BLPC not accepting FTC ruling Loop Barbados

The content originally appeared on: News Americas Now

Black Immigrant Daily News

The content originally appeared on: Barbados News

The Barbados Light and Power Company Ltd (BLPC) has expressed their dissatisfaction with the Fair Trading Commission’s (FTC) decision to reject their request for an increase in electricity rates at this time, and is demanding the financial regulator review the ruling.

In a statement issued on Thursday, the utility company said that FTC’s decision has already negatively impacted their corporate image and could sap investor confidence.

BLPC announced that they have filed a Motion to Review and Stay of the Implementation of the FTC’s decision, to temporarily halt its application.

“Last week, the regulator accepted our Motion for Review and agreed to hear the matter over the coming months. We look forward to this.”

BLPC stated that FTC’s ruling in February was “deeply concerning”, as it contradicted previous decisions made by regulator.

“Our primary concerns are the retroactive actions and inequitable adjustments in the decision which, we believe, send a negative message to investors and could undermine investor confidence.

The regulator, in its decision, has changed decisions it made several years in the past.

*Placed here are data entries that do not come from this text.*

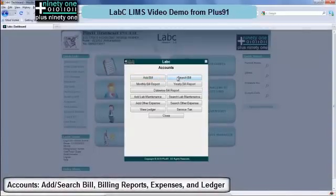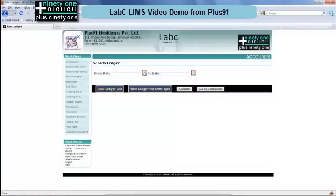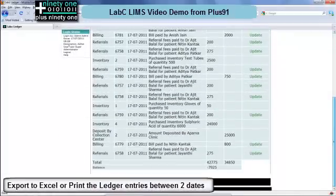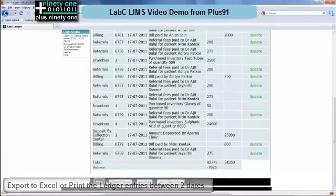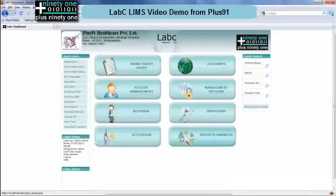The accounts module allows you to add bills, search bills, look at bill reports across various time periods, add lab maintenance and expenses, and review the ledger. The ledger will show you all the income inflows and outflows from the lab. This can be printed or exported to Excel. Between two dates you can see the ledger entries for your lab, giving you a good idea of how the accounts are going. You can also update the service tax if required.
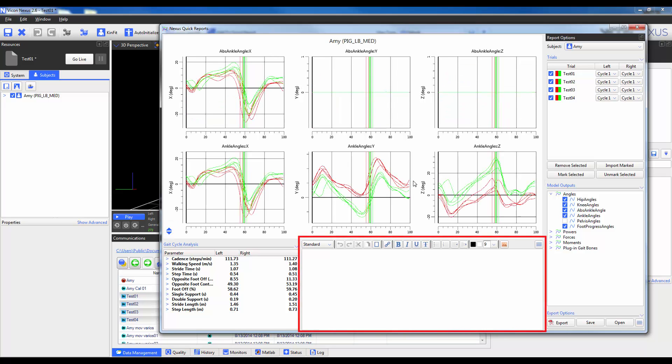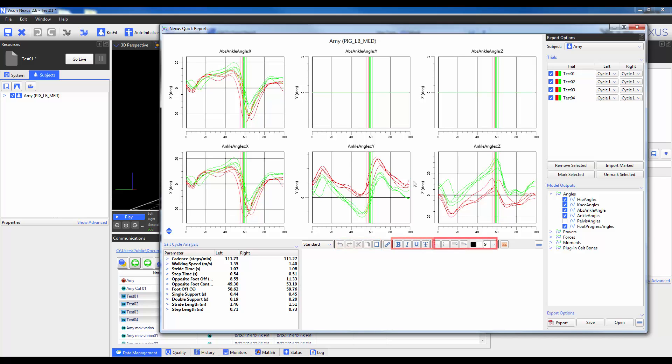At the bottom of the interface there is a text window which functions as a very basic word processor. You have your clipboard, font and paragraph options as well as the ability to import a picture. You can hover over each icon to determine its exact function. The last icon is the ability to add a URL to the report.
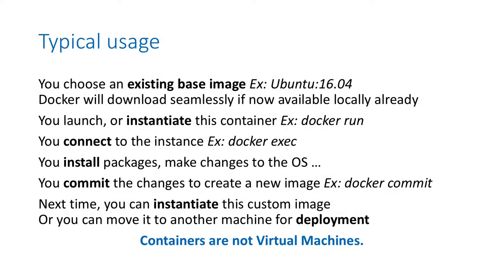Here's how you would typically work with Docker. First, you would start from an existing base image, let's say Ubuntu 16.04, or Yocto, or anything else that is supported by Docker. When you create your image, it will download all the necessary files, so you don't have to download Ubuntu or your base image—it will be done for you. Then, when you have it, you launch or instantiate this container.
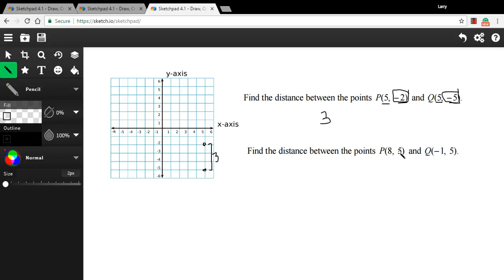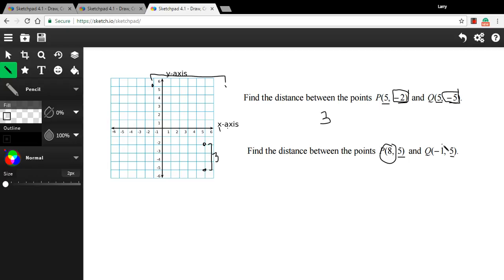In this next problem the x-coordinates change — eight and negative one — but the y-coordinates stay the same. Plotting eight and five alongside negative one and five confirms they only differ along the x-axis. So we only need the distance between the x-coordinates. It's one positive and one negative, so ignore the signs and add: eight plus one equals nine. The distance is nine. That covers the basics of midpoints and distances on the number line.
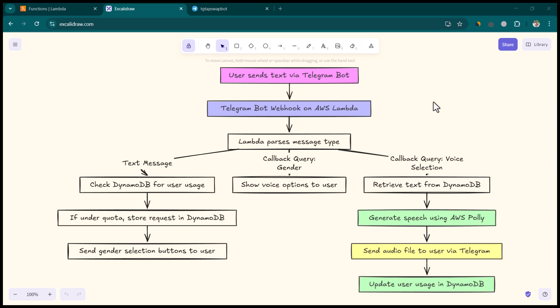Hey everyone, I hope all of you are doing great. This is going to be a quick video where I'm going to show you how we can create a text-to-speech Telegram bot, and this is the architecture which it's going to look like.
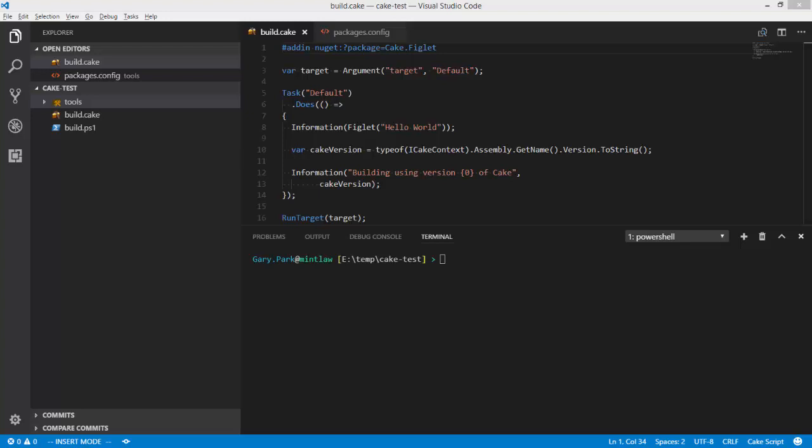Now the Cake team tries to ensure that between releases of Cake we don't introduce any breaking changes, but the fact of the matter is things happen and we can't guarantee — although we try — that we're not going to break something that works in a specific way within your build scripts. So again the recommendation is to pin to a specific version of Cake and also to a specific version of each of the tools and add-ins that you're using within your Cake scripts.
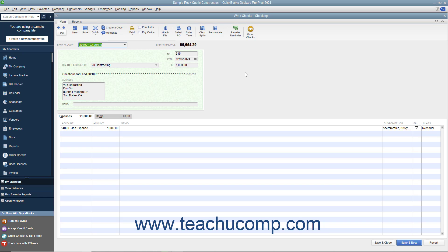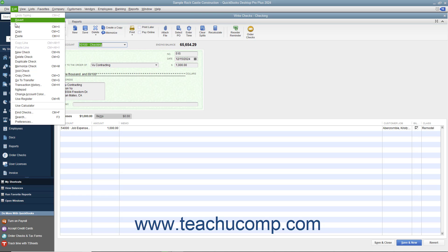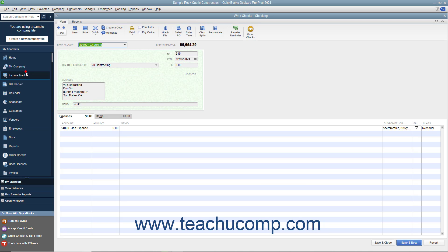You can void a check that you have created if necessary. To void a check, open the check you would like to void and display it in the Write Checks window. Then select Edit – Void Check from the menu bar to void the check displayed in the Write Checks window.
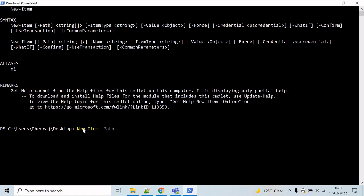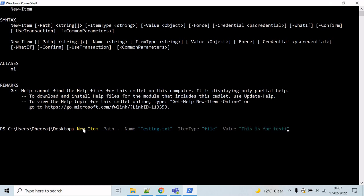Let's give a name to the file using the name parameter — let's say 'testing.txt'. Now we have to mention that this is a file, not a folder, so we use the ItemType parameter and set it to 'file'. Let's also add some initial content to the file using the value parameter. Type the value — 'This is for testing' — and hit Enter.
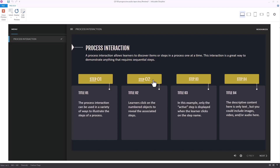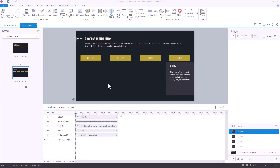If you're not that familiar with Storyline, you might think you need a trigger to pause media when something happens — but we don't need to do that. I'm going to show you a really easy way to leverage the visited states. Instead of putting the text on the layer, we just keep the audio on the layer. Then we take the text information and in the button we create a visited state — because a visited state is activated the moment I click on the button.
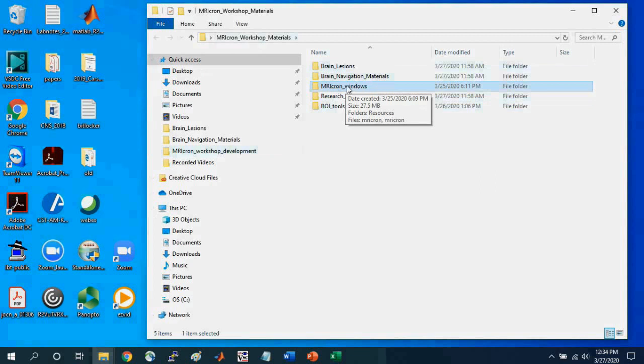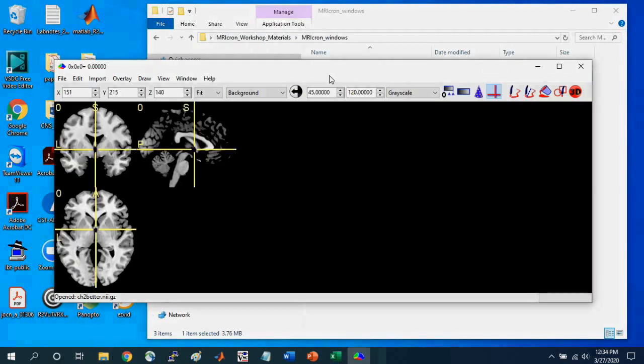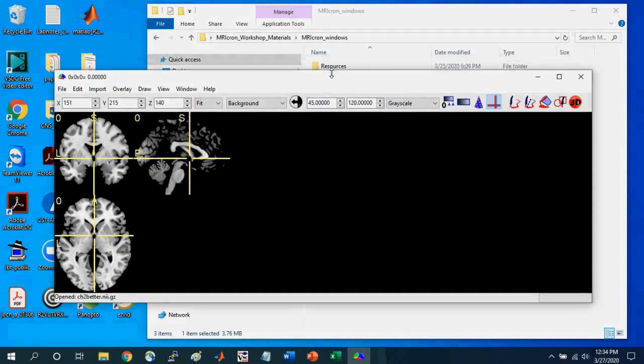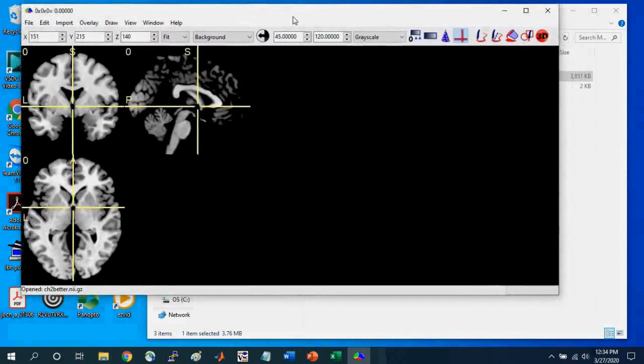And so you can access the files in these folders for certain materials. Okay, so first I'm going to open MRI-Cron, and just go into the folder and select the icon.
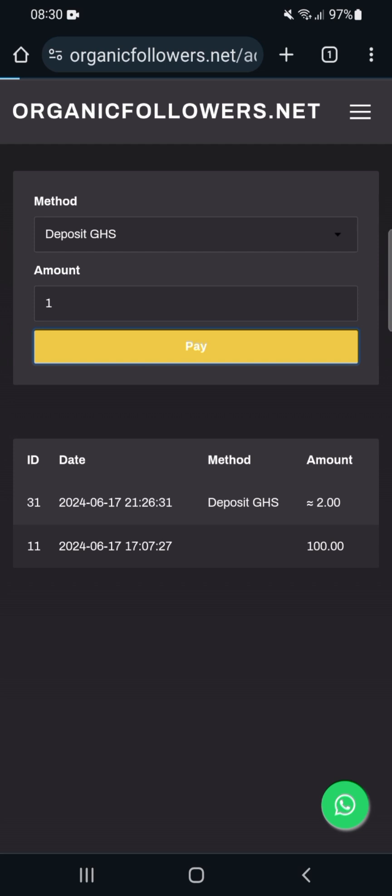Click on Pay and it will take you to the next page, redirecting to Flutterwave.com as your payment platform.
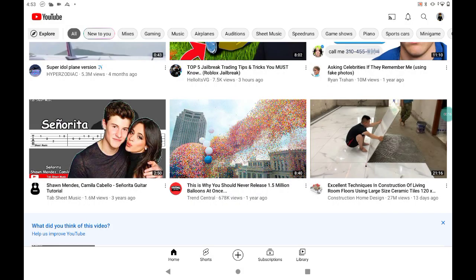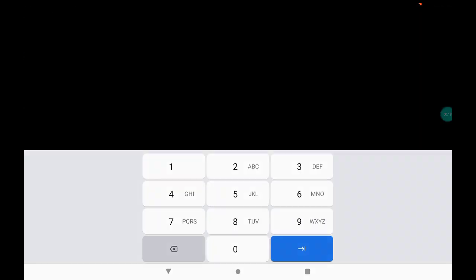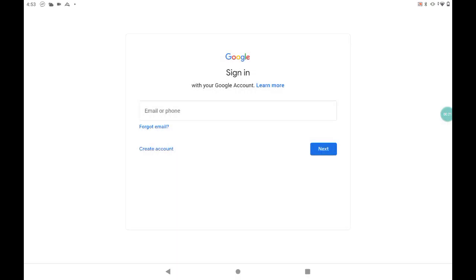Here you'll have to put in your password, so do that first. Sometimes you might not have to do it, but when you have to, you do it. And then you will get in.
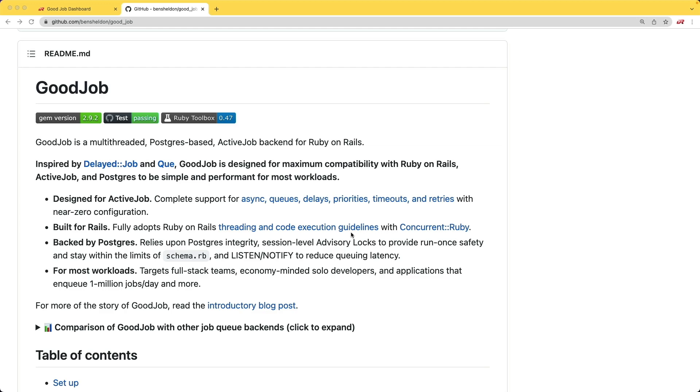However, I found the implementation of GoodJob is more robust and more performant than delayed job. But I wouldn't recommend GoodJob if you have a really large application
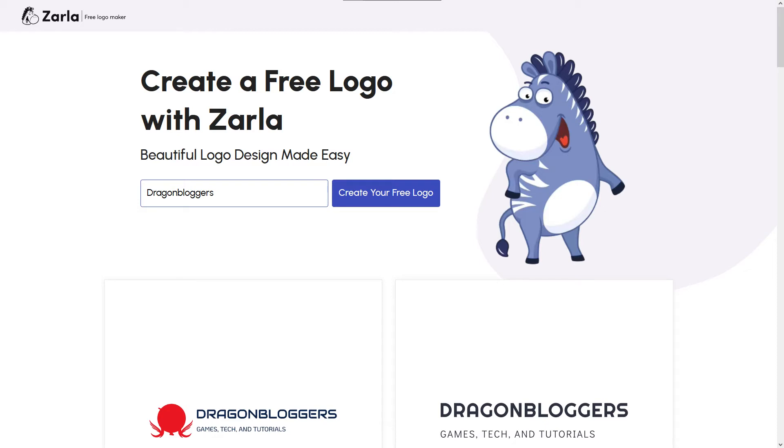Hello, I'm Opal from Dragonbloggers and today I'm going to show you how easy it is to make a free logo with Zarla, the internet's number one free logo maker.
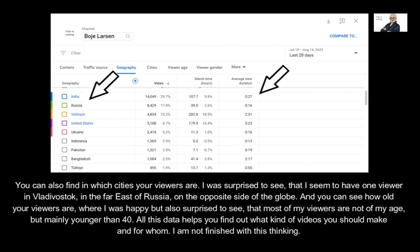You can also find in which cities your viewers are. I was surprised to see that I seem to have one viewer in Vladivostok, in the far east of Russia on the opposite side of the globe. And you can see how old your viewers are — I was happy but also surprised to see that most of my viewers are not of my age, but mainly younger than 40. All this data helps you find out what kind of videos you should make and for whom. I am not finished with this thinking.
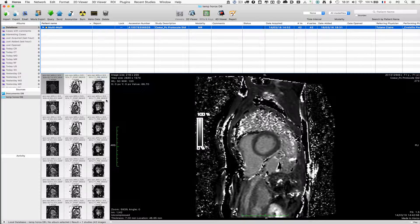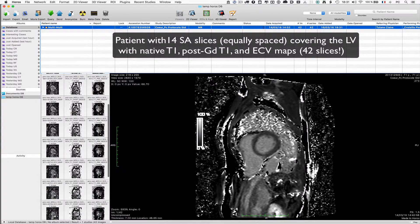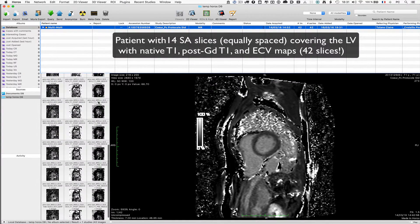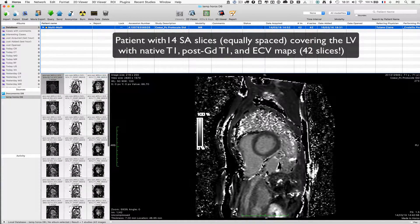In this example, I would like to show you how you can process mapping images with multiple slides and different contrasts. Here we have slides that cover the whole heart: 14 equally spaced images with native T1, post-gadolinium T1 and ECV maps.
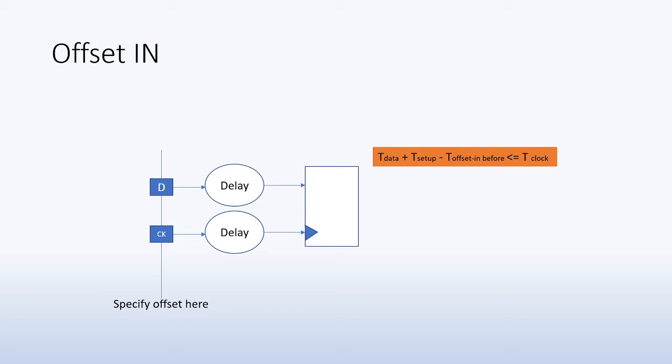So the offset in constraint helps you do that by specifying the offset right at the input periphery of the chip.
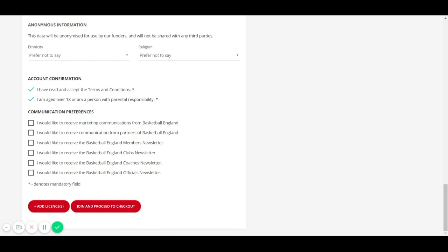In the next section, please sign up for a number of our newsletters depending on your preferences as we are aware that the membership would like to hear from the governing body about the latest news in the sport. This can be amended within your own profile at a later time.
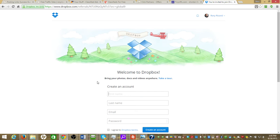All right, this is a quick tutorial on Dropbox. Dropbox is a cloud storage system. It's free.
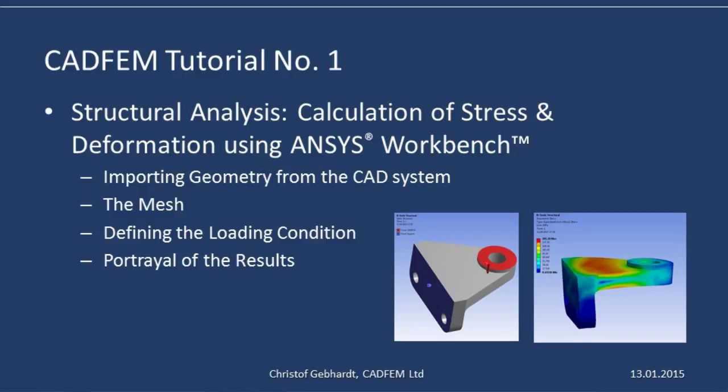Welcome to the CADFEM ANSYS tutorials. I would like to show you how we conduct a structural analysis to calculate the stress and deformation of a support component.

Altering rules years after decisions have been made impacts not only the utility and customers, but also the long term stability of the energy market and all investors in the sector,” the statement said.

BLPC also queried FTC’s decision to discontinue the ability to use batteries, which aligned with the country’s 2030 renewable energy goals.

“At this time the island urgently needs a substantial amount of batteries to achieve its renewable energy policy goals. We purchased batteries in 2018, which have been instrumental in balancing the renewable energy expansion on the grid. We are therefore perplexed as to why they have disallowed and the prudence of future batteries questioned, especially considering the critical need for more batteries to support the island’s energy transition,” BLPC continued.